Nos encontramos na acolhedora sala de trabalho de Júlia. O espaço estava especialmente preparado para nos receber e criar o ambiente de mergulho que os encontros requerem. Neste dia, revimos as três primeiras estruturas de caráter propostas por Ron Kurtz: Inundado-Retraído (Sensitivo-Retirado), Abandonado-Colapsado (Dependente-Cativante) e Alienado-Autossuficiente.
Um alerta inicial! Não se tratava de compreender as estruturas de caráter como rótulos para aprisionar as pessoas e restringi-las a uma leitura única! As estruturas são chaves de leitura que precisam nos servir como rotas possíveis de acesso as pessoas, possibilitando uma compreensão inicial sobre tendências… Pistas, rastros para facilitar o acesso às feridas das pessoas.
Somos seres únicos, complexos, compostos por experiências diversas que vão tecendo uma miríade de sentimentos, formas de ser, agir, lidar com a vida. Cada pessoa é única e capaz de muito mais do que respostas previsíveis. Ao terapeuta cabe então escuta profunda e atenta as particularidades de cada paciente.
Diagnósticos rígidos podem configurar-se em pretextos para formas violentas de relação, na contramão de uma atitude de suavidade e leveza que o Hakomi nos convida a manter.
O caráter não é a pessoa. Ele revela as estratégias, os processos relacionais, nossa forma própria de interagir.
Na sessão do Hakomi iremos buscar que o cliente tenha in-sights sobre como se organizou sua personalidade. Ele terá uma reclamação e nossa curiosidade será sobre como ele se tornou assim, o que é claro e o que não é claro para ele.
Enquanto clientes, buscamos sair das distorções e do modo defensivo de estar no mundo em direção a um modo mais aberto e sensível. Não se trata de abandonarmos nossas estratégias, afinal elas nos foram úteis em situações de estresse. O objetivo é, tornarmo-nos em alguma medida, mais conscientes delas e em condições de experimentar qualidades de reação e relação distintas, buscando uma maior abertura para o mundo e condições que nos tragam menos sofrimento e maiores possibilidades de usufruir a vida.
É possível, experimentando outros registros afetivos, criar outras trilhas neurais, outras experiências.

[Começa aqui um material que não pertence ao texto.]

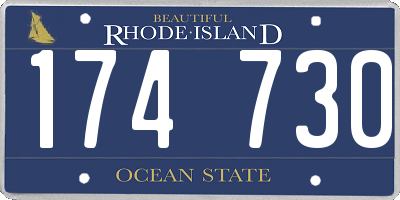 RI license plate 174730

Em grupo, sentimos corporalmente todas as estratégias e fizemos alguns exercícios para investigarmos de que forma percebíamos essa estrutura de caráter em nós. Além de investigarmos as características de cada estrutura, pensamos também sobre as formas de lidar com ela: valorizar o vínculo, mostrar as qualidades da estratégia e seus recursos, ajudar o paciente a ter e sustentar sentimentos de alegria. Ajudar a conectar-se com o que está sentindo.
Nos sub-grupos e em duplas, percebemos com qual nos sentíamos mais identificados e acessamos como elas reverberaram em nós. Ainda que os temas nos tenham mobilizado – afinal estamos em contato com nossas vulnerabilidades e sentimentos mais remotos e constituidores do que somos- pudemos viver essas experiências num ambiente de real acolhimento.
Construímos a possibilidade de tocar nas delicadas ranhuras e contornos de nossas formas de lidar com o mundo e das feridas que nos doem. No acolhimento e leveza de um sábado de junho, pudemos vivenciar o que nos parece ser o centro da forma Hakomi de cuidar de si e do outro: delicadeza, apoio mútuo e sustentação. Assim seguimos. Assim aprendemos.
Algumas referências:
BROWN, B. A coragem de ser imperfeito. Editora Sextante: Rio de Janeiro, 2013.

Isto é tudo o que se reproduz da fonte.